The goal of this work was to design and optimize an HPA capable of winning the Kremer International Marathon Competition. As a first step, it was investigated how accurately the required pilot power to fly an HPA could be predicted. This was done by simulating an existing design (the Daedalus) in two different software; AVL (vortex lattice method) and STAR-CCM+ (computational fluid dynamics). In AVL, the pilot power was underpredicted by about 18% compared to the value provided by MIT, but the required computational time was only in the order of seconds. This very short calculation time made AVL an ideal tool for the optimization of our own HPA. For the simulation in STAR-CCM+, a preliminary two-dimensional CFD study of the airfoil FX63-137 was performed first. The study clearly showed the need of a transition model, in this case the γ-Re${}_{\theta }$ transition model, in order to obtain accurate drag predictions at low Reynolds numbers. The predicted pilot power in STAR-CCM+ was found to agree within 3%, but the simulation required a large amount of computational power and time.

As a second step, a new HPA was designed and optimized for the Kremer International Marathon Competition. It was started by optimizing a wing on itself, in which a large set of different wing geometries was generated and individually structurally optimized for two cases; a single-pilot and dual-pilot configuration. The structural optimization consisted of finding a set of inner diameters of the wing’s spar at root and tip and the force of the lift wire, minimizing the wing’s mass while obtaining a certain design tip deflection during flight. From this large set, the optimal wing was taken as the wing geometry with the lowest total drag and that was structurally feasible. An interesting result was that adding a second pilot on board of the aircraft was found to be beneficial, the reduction in required pilot power ranging from 35 to 57 W. Based on the design of the Daedalus and our own optimized wing, a complete HPA was constructed for two pilots.

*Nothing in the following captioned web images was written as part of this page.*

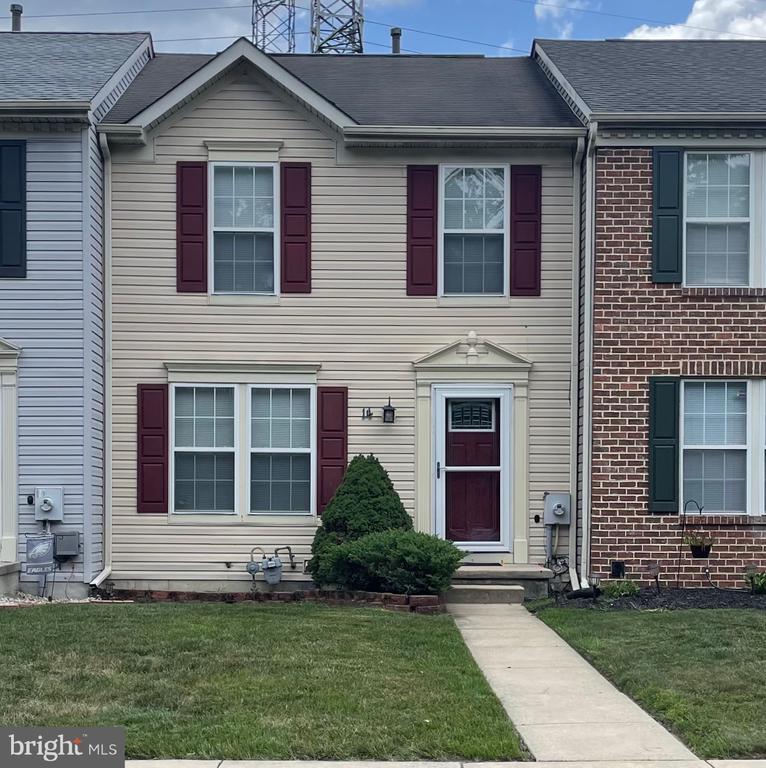 14 Coachlight Dr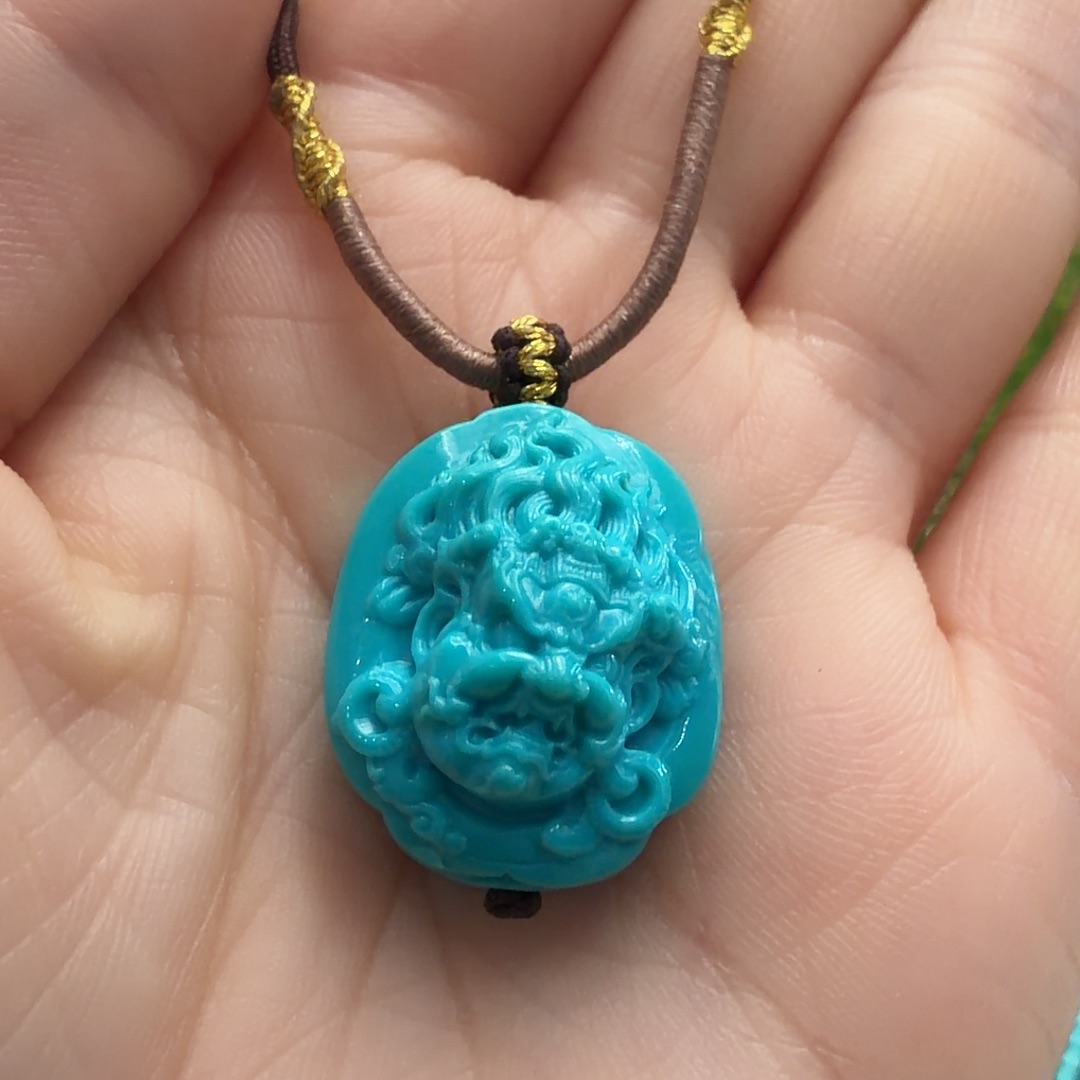 绿松石未镶嵌颈饰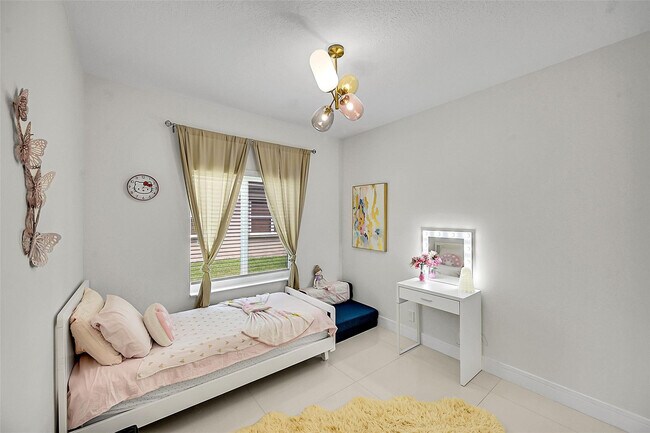 Building Photo - 12354 Antille Dr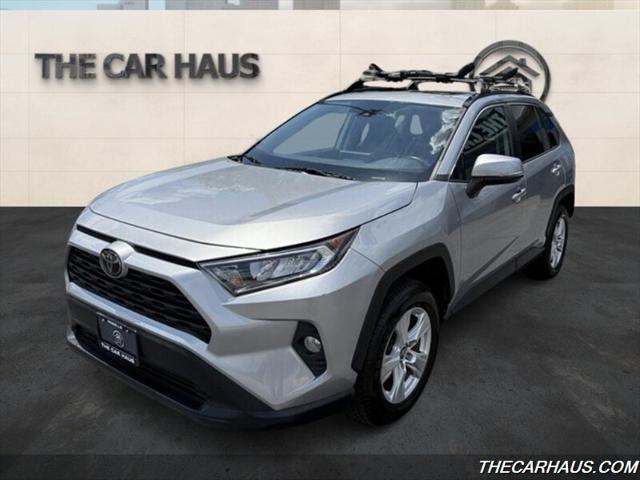 Photo of 2020 Silver Sky Metallic Toyota RAV4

The optimized design was simulated in STAR-CCM+ resulting in a theoretical required power of 430 W in order to obtain the design flight velocity of 12 m/s.

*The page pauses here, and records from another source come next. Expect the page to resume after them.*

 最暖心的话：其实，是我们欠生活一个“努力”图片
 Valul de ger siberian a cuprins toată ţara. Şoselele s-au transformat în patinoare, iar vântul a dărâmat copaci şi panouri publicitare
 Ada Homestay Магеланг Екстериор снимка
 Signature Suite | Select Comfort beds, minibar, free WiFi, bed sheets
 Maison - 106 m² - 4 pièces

As a final step, the physical performance of two candidate pilots was measured. Together, they were able to produce a peak power output of 500 W, being largely sufficient to reach the design flight velocity for a short period of time. However, to win the Kremer International Marathon Competition, both pilots must theoretically produce 86% of their maximal physical performance during one hour. With some further optimization and the design of a propeller and the aircraft’s steering, completing the marathon course within time does not seem impossible. Constructing our optimized HPA and attempting the Kremer International Marathon Competition could be a next step.